James, you are right in that the measurements can vary greatly. That's why I changed from my mechanical puller device to an electronic probe. And yes, I found the strength is the highest at the edges of the ends. The small probe gave reasonably repeatable measurements on the side of the magnets (as shown in the pic in the link). The figure of 40 gauss/lb was for the pull required to separate a keeper from a rough as delivered Ford magnet.
I also placed a square metal clamp used to hold the magnets to the flywheel on the side and measured the strength .030" above that. This is what the coils should typically see, and it was about 30% less then the magnet side strength (end strength being even higher).
Just took a bunch of pictures but my PC is doing some thing different gave up for now on posting them.
Weight tested one magnet that was setting ends down on a machined plate for about the past four years . The magnet has just a slight grind on the legs to shine it for a good contact with what I will call a flux bar while charging. A simple 17 wrap on each leg was used with a heavy duty battery hit about four 1/4 second times with a vintage floor switch
The magnet held 8 1/2 pounds before being pulled from a machined plate.
I will see if pictures post. Magnet on top of kettle was tested. Notice how just a little of the end was ground for contact with the flux bar at the end of the charger. The black coil was used the white one was a later try with no improvement.
Even a minor grind as shown in the pic will make a noticeable difference in its pulling strength. After recharging my magnets averaged 345 gauss, which using my 40 gauss/lb would hold 8.6 lbs. But this is with unfinished ends.
Tom, you are right; my testing methods would never approach 1% accuracy. I used 6 magnets (12 poles) for the study. I marked each magnet in the same spot on the side that was about where the center of the clamping plate would be. I placed the probe on the marks for the measurements. I then took the average for each set of measurements to calculate the change in the strengths. I didn't know how to do a proper statistical analysis of the data. I would be glad to send you (or anyone) my spreadsheet data.
In the end it is the magneto output that really matters. My test would indicate no change in performance of a freshly charged set used within one hour (maybe possible in the Ford factory) or a set that has been sitting around without keepers for a few months. The question remains why some magnets end up weak and do benefit greatly from a recharge.
Thank-you Robert for the extra info. I never tested the keeper/non-keeper situation because as I see it, the magnets on a T flywheel are unkept. (Is that a word?) Not only are they unkept, but they are held in tension (which seems to me to be like "unkept" on steroids) due to like poles being next to a each other.
My tests on polarity swapping jibe with yours.
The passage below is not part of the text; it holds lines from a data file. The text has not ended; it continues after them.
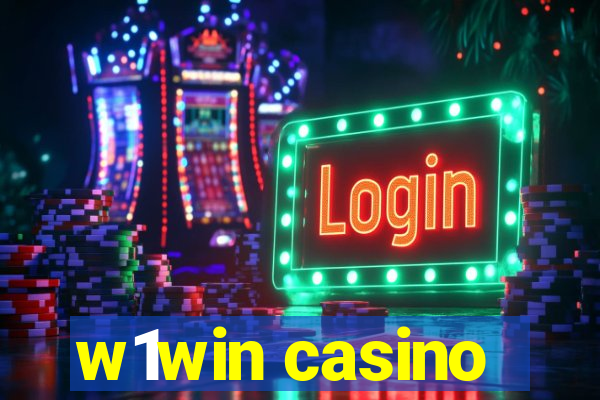 w1win casino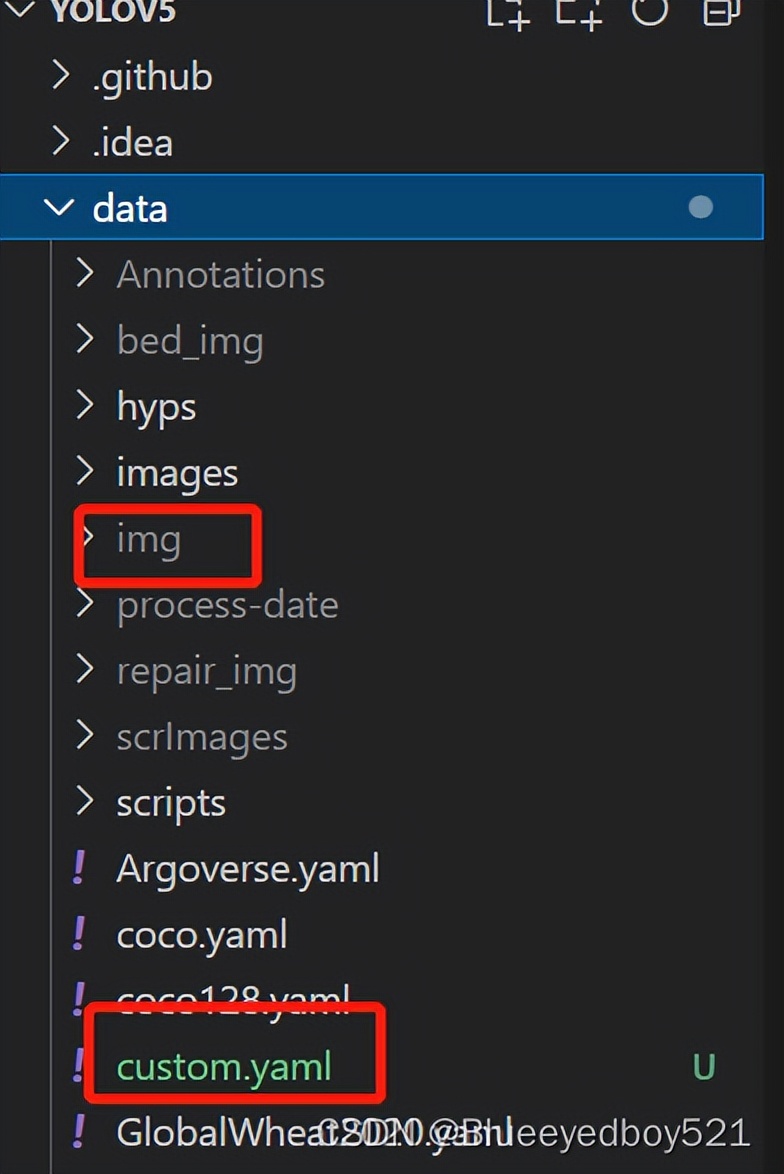 深度学习-第二章-Window下Yolov5训练检测打电话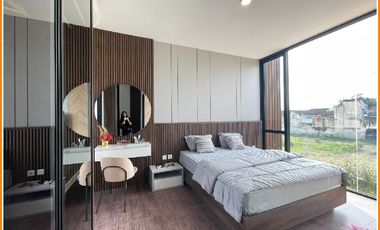 Townhouse Baru Palagan di Jongke Dekat SCH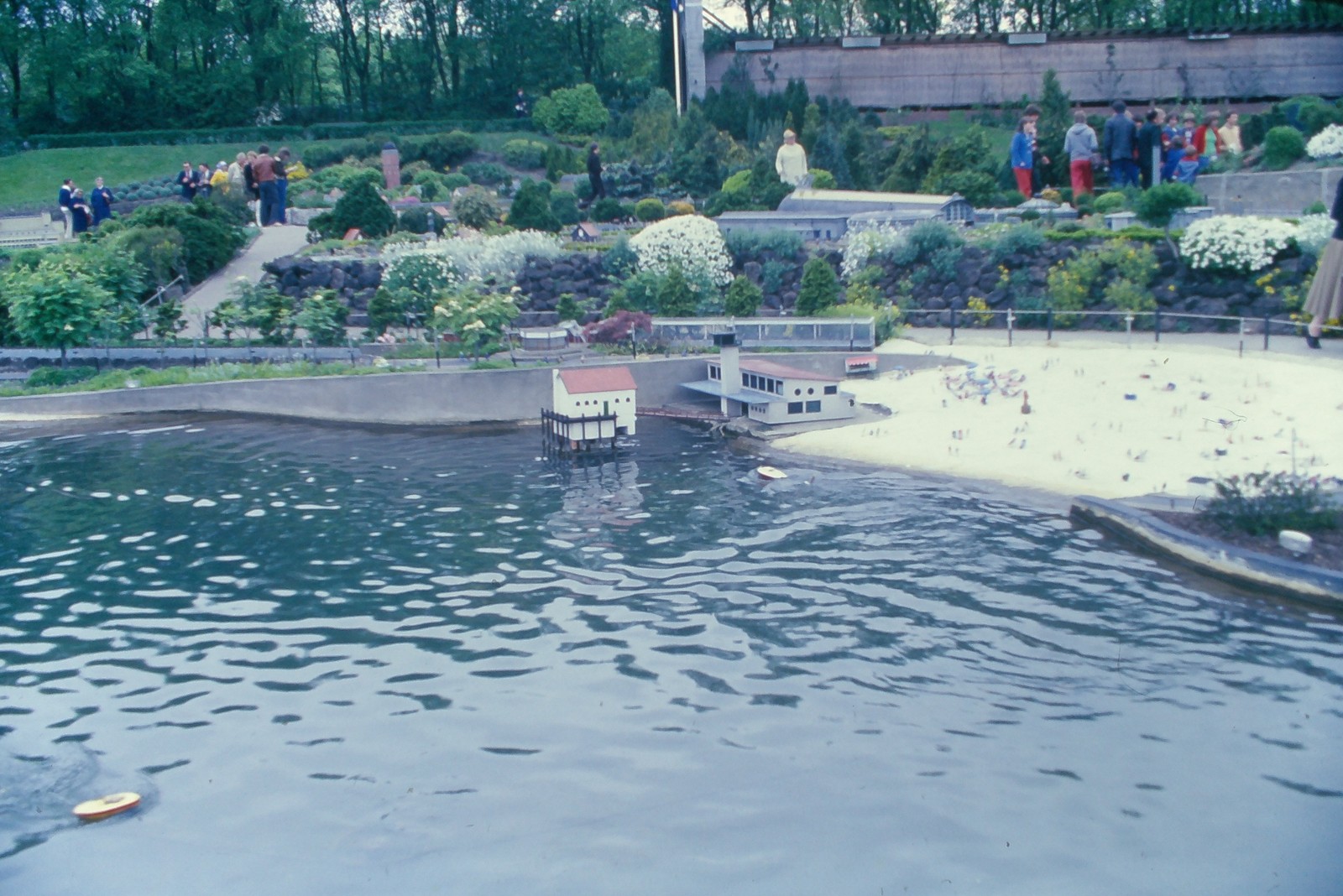 c1960\'s Ektachrome 35mm Slide Madurodam Miniature Park The Hague Netherlands c1960\'s Ektachrome 35mm Slide Madurodam Miniature Park The Hague Netherlands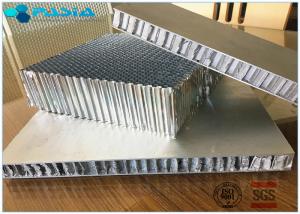 Wholesale High Strength Aluminium Honeycomb Material For Subway Trains And Ship Compartments from china suppliers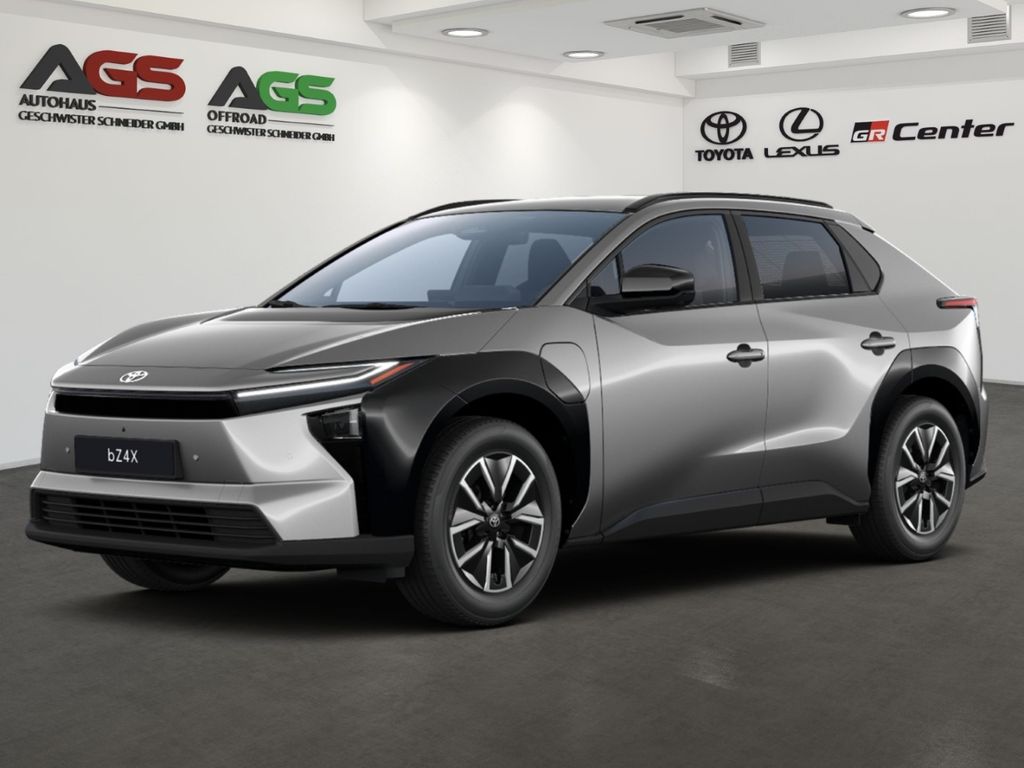 Toyota bZ4X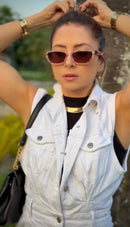 Óculos Celine Rosa Gatinho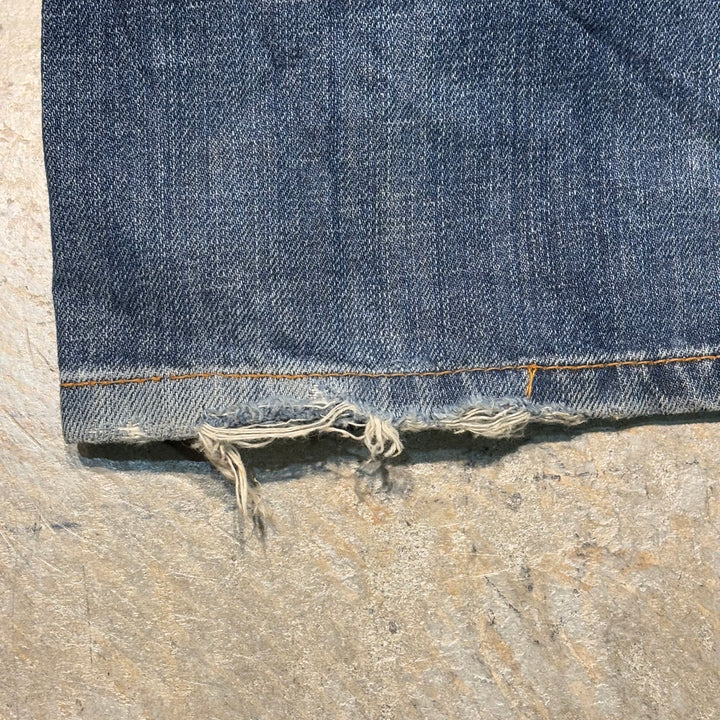 중고 의류 디젤/ 디젤 데님 바지/ 실제 크기 30 x 32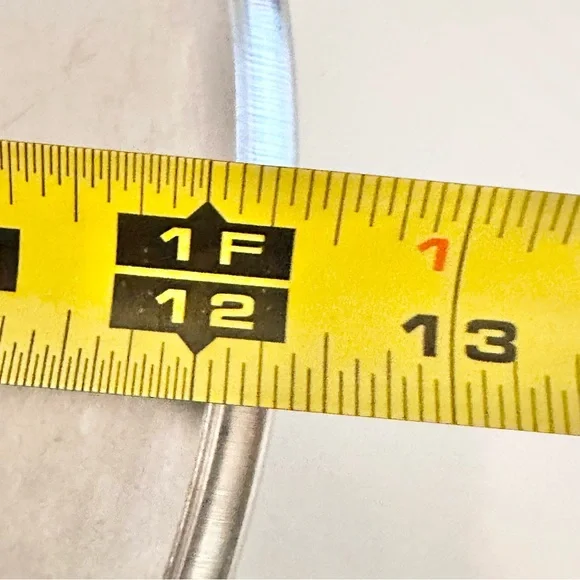 Revere Ware Replacement LID ONLY 12" Skillet or 16 Qt Stock Pot 11 3/4" Inner - Picture 7 of 7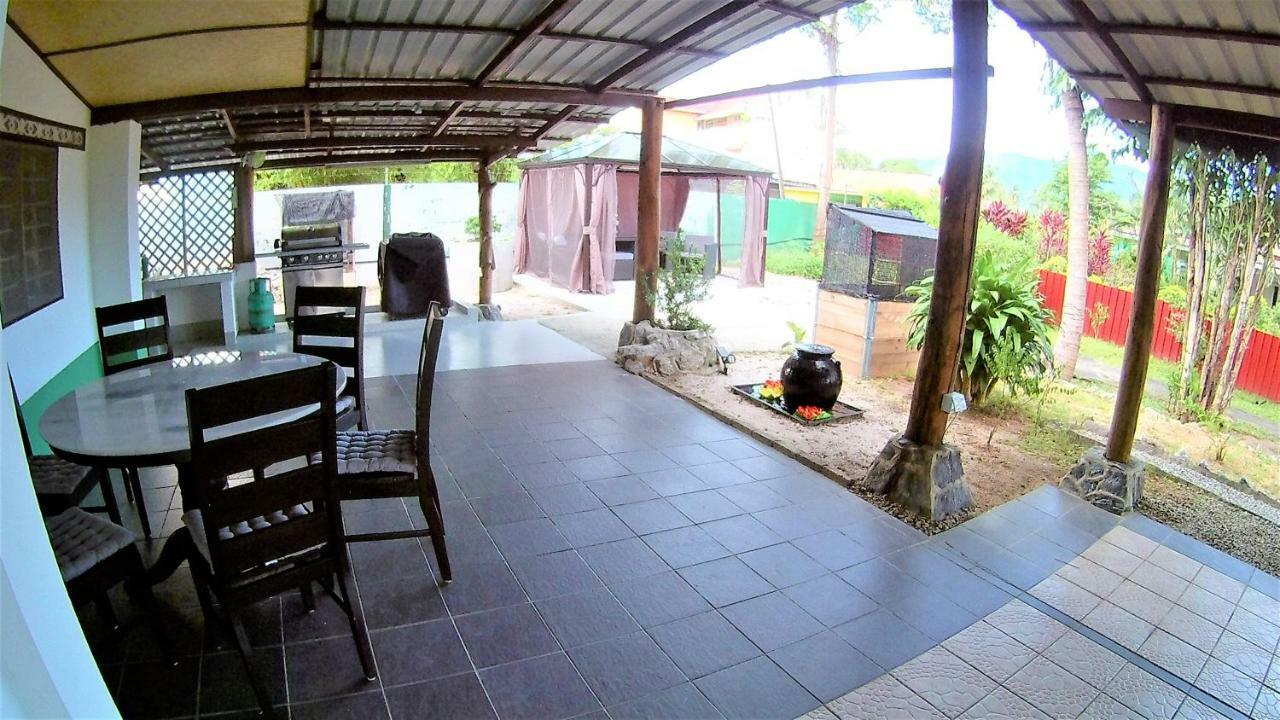 Sabandy House B&B Padang Mat Sirat Exterior photo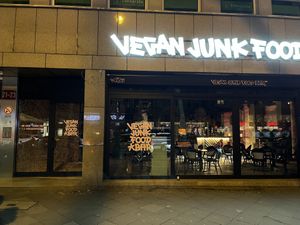   at Vegan Junk Food Bar - Cologne in Cologne
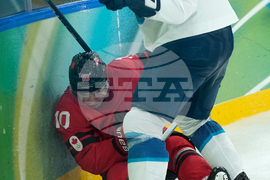 Milan Cortina Olympics Ice Hockey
Thanks again for posting this.
I agree with you Robert. until todays information I might know why! My setup pushing the coils up setting them close to one side of the magnet might charge the magnet more on one side then the other. using a round wind over a rectangular magnet end might put different charging around the edge of the magnet. You caught my interest so now I will machine some hard wood about 3/8" over magnet size each way, knock the sharp corners off and wind up a rectangular coil that four steel shims cold slide between the magnet and the coil. If it works I will post it.
In your last post - did you mean 175 F ?
Ooops, yep! 175F, below the boiling point of water. Thanks Bud.